1.4.2 Proof of VoS: \(X, Y\) are dependent

As before, we can expand out the variance of a sum into its expected values:

\[\begin{align} var(X + Y) &= \mathbb{E}[X^2] + \mathbb{E}[2XY] + \mathbb{E}[Y^2] - (\mathbb{E}[X]^2 + 2\mathbb{E}[X]\mathbb{E}[Y] + \mathbb{E}[Y]^2). \end{align}\]

Since \(X\) and \(Y\) are assumed to be dependent, the non-squared terms do not necessarily cancel each other out anymore. Instead, we can rearrange as follows:

\[\begin{align} var(X + Y) &= var(X) + var(Y) + \mathbb{E}[2XY] - 2\mathbb{E}[X]\mathbb{E}[Y]\\ & = var(X) + var(Y) + 2(\mathbb{E}[XY] - \mathbb{E}[X]\mathbb{E}[Y]), \end{align}\]

and note that \(\mathbb{E}[AB]-\mathbb{E}[A]\mathbb{E}[B] = Cov(A,B)\):

\[\begin{equation} ... = var(X) + var(Y) + 2Cov(A,B) \; \; \; \square \end{equation}\]

Two further points are worth noting. First, the independent version of the proof is just a special case of the dependent version of the proof. When \(X\) and \(Y\) are independent, the covariance between the two random variables is zero, and therefore the the variance of the sum is just equal to the sum of the variances.

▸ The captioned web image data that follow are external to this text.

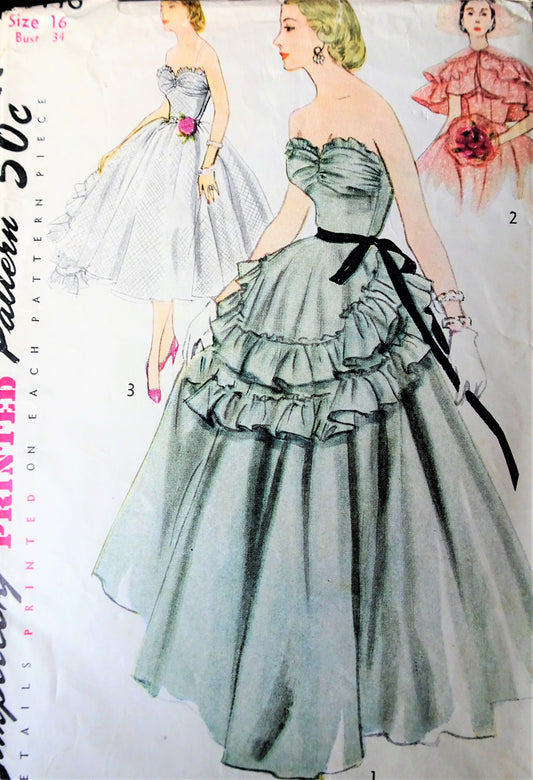 1950s DREAMY Evening Gown and Cape Pattern SIMPLICITY 8446 Strapless Full Skirted Dress in 2 Lengths, Ruffled Cape or Apron, Bust 34 Vintage Sewing Pattern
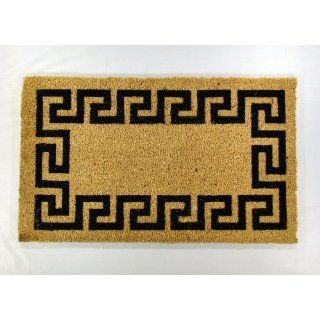 Printed Coco Coir Doormat Greek Key (Black): Patio, Lawn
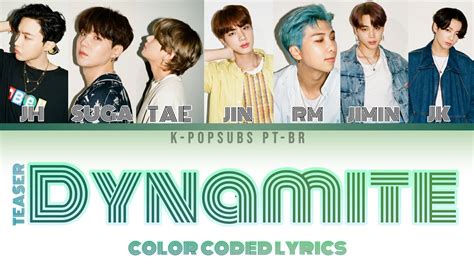 Bts Dynamite Color Coded Lyrics Tradu O Pt Br Youtube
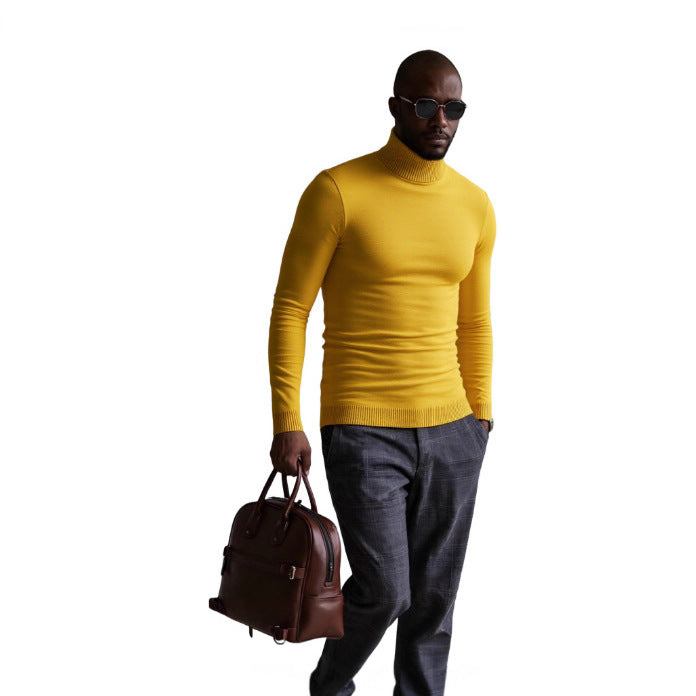 Herren Rollkragenpullover Fein Strukturiert Elegangt - BerlinGlamour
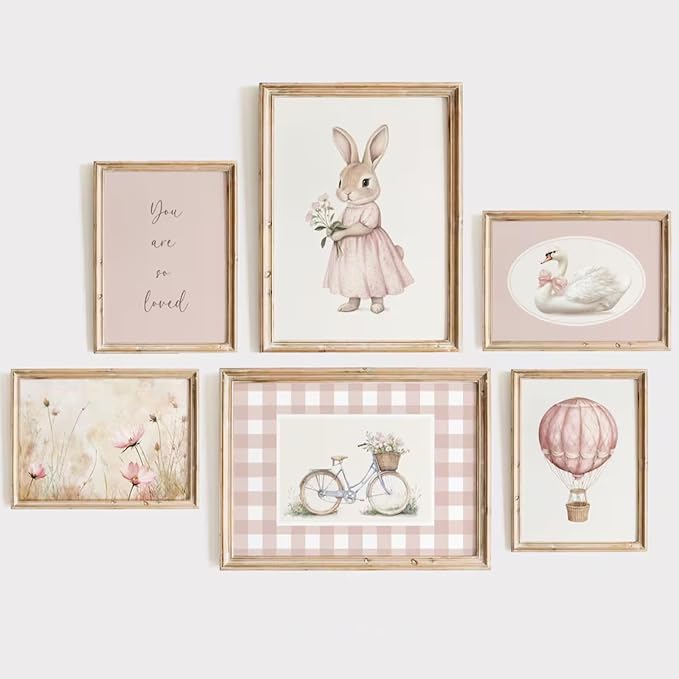 Pink Nursery Wall Art Decor Baby Girl Room Pictures Vintage Nursery Canvas Wall Decor Bunny Prints Floral Swan Poster Cute Rabbit Painting Artwork for Toddler Girls Bedroom 8x10x6 Inch Unframed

Second, nothing in the above proofs rely on there being just two random variables. In fact, \(var(\sum^n_i X_i) = \sum^n_ivar(X_i)\) when all variables are independent from each other, and equal to \(\sum^n_ivar(X_i) + 2\sum^n_{1 \leq i < j \leq n}Cov(X_i,X_j).\) This can be proved by induction using the above proofs, but intuitively: we can replace, for example, \(Y\) with \(Y = (Y_1 + Y_2)\) and iteratively apply the above proof first to \(X+Y\) and then subsequently expand \(var(Y)\) as \(var(Y_1+Y_2)\).


Aronow, P. M., and B. T. Miller. 2019. Foundations of Agnostic Statistics. Cambridge University Press.

  1. Bayes’ Rule states \(P(A|B) = \frac{P(B|A)P(A)}{P(B)}\). Therefore: \[ \begin{aligned} P(X=x|Y=y)\times P(Y=y) &= \frac{P(Y=y|X=x)P(X=x) P(Y=y)}{P(Y=y)} \\ &= P(Y=y|X=x)P(X=x). \end{aligned} \]↩︎